WORK TO COMPLETE: In the entries below, which lines run from the one with "Eine Frau schraubt an ihrem Fahrrad" through the one with "Meccanico che ispeziona"? Repeat exactly those, both included, and no pictures.
(AVAILABLE RECORDS)
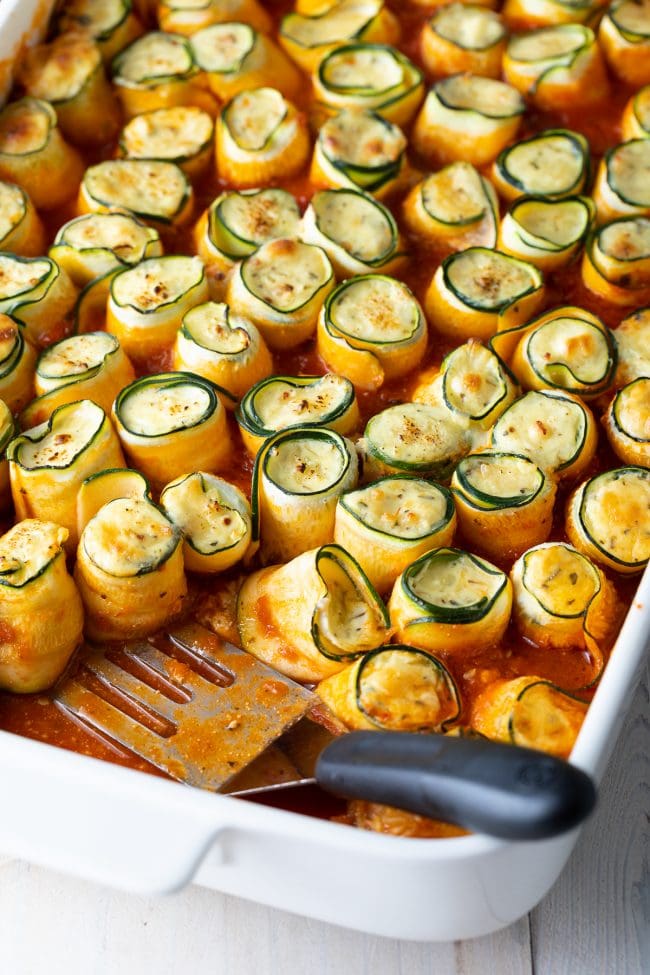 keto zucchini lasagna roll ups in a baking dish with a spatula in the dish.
(End AVAILABLE RECORDS)
(AVAILABLE RECORDS)
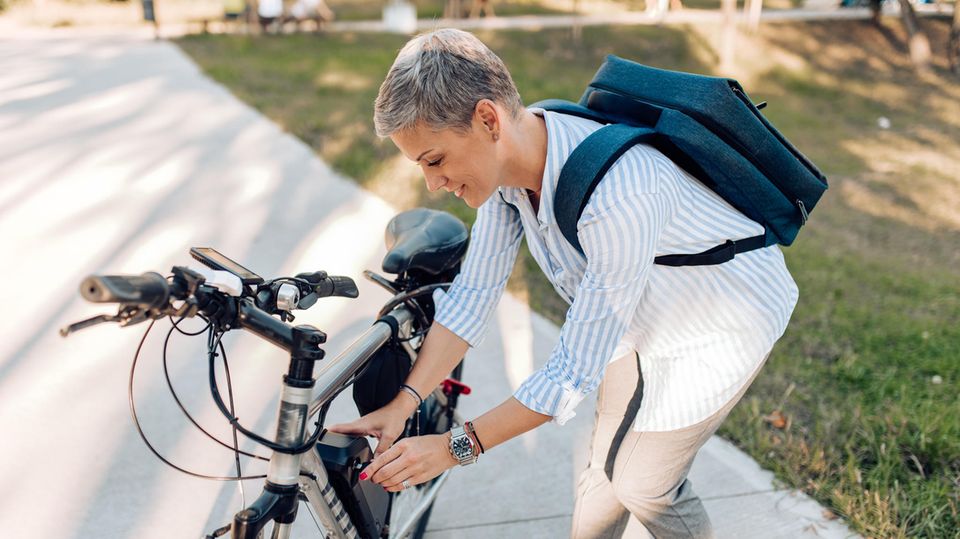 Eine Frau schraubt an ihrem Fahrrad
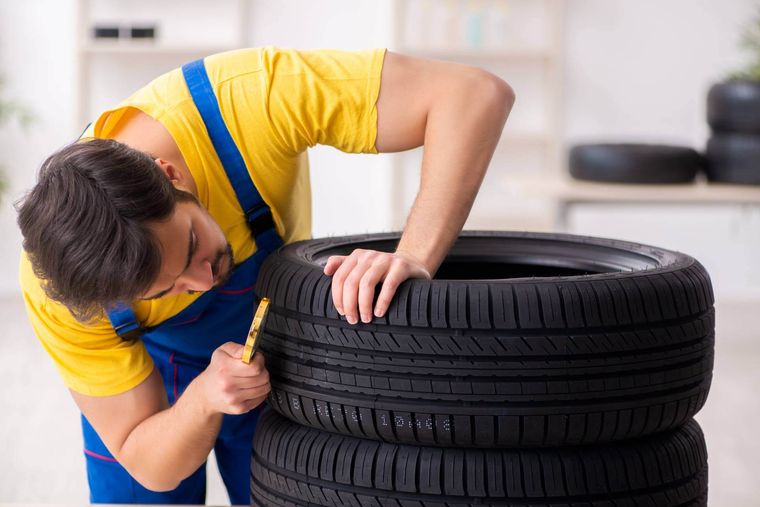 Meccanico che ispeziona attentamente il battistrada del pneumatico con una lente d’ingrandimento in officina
(End AVAILABLE RECORDS)
THE ANSWER:
 Eine Frau schraubt an ihrem Fahrrad
 Meccanico che ispeziona attentamente il battistrada del pneumatico con una lente d’ingrandimento in officina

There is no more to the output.